Open Rails Steam Parameters
Aim - this section describes the "optimal" settings for steam related parameters in Open Rails (OR) ENG files. Example settings are based upon NSWGR standards.
If you wish to provide any feedback on this page, please use the contact page. It would br great to have some feedback as this helps to ensure the accuracy of the information and models.
Index
Key Open Rails Parameters for Steam Locomotives
Boiler Parameter Calculator - Saturated
Boiler Parameter Calculator - Superheated
Steam and Water Usage Calculator
Steam and Water Usage - Imperial
Steam and Water Usage - Metric
Introduction
The two key elements impacting the performance of a steam locomotive are
- Tractive Effort
- Steam Production and Usage
For realistic performance it is important to set the Open Rails steam parameters to calculate the correct values.
Steam Production and Use
The steam locomotive relies upon the principle of converting steam energy to tractive effort through the cylinders. Therefore sufficient steam is required to be generated to match the amount of steam being used by the cylinders to drive the wheels around.
Steam generation is impacted by two heat transfer processes:
- Fuel combustion
- Steam production
The amount of heat energy produced by fuel combustion is impacted by a number of factors, including fuel energy, oxygen drawn into the fire (draft). In designing a locomotive, the priniple design factor for fuel combustion was the size of the grate area.
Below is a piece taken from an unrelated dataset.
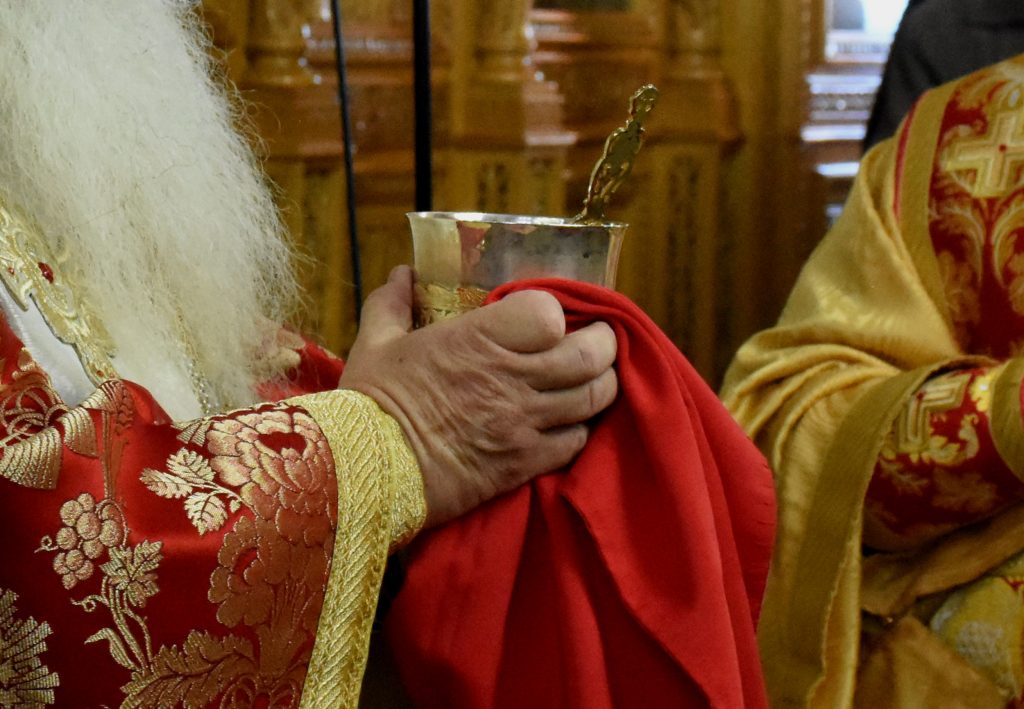 Ε.Γιαμαρέλλου: «Θα συνεχίσων να λαμβάνω την Θεία Κοινωνία – Ή πιστεύεις ή δεν πιστεύεις»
The amount of heat energy available to convert water into steam is determined by the heating area in contact with both the fire, and the boiler water. In a typical locomotive boiler, the boiler water was in contact with parts of the firebox, and also the flue tubes taking smoke and heat through the boiler to the smokebox at the front of the locomotive, and out of the stack. Thus the evaporation area of the locomotive was another key factor, which was determined by calculating the area of the firebox, tubes, arch tubes and combustion chamber in contact with the boiler water.
If you do not have values for Grate Area, or Evaporation Area or Boiler Volume, then you can use the Boiler Parameter Calculator - Saturated or Boiler Parameter Calculator - Superheated to calculate some sutable values.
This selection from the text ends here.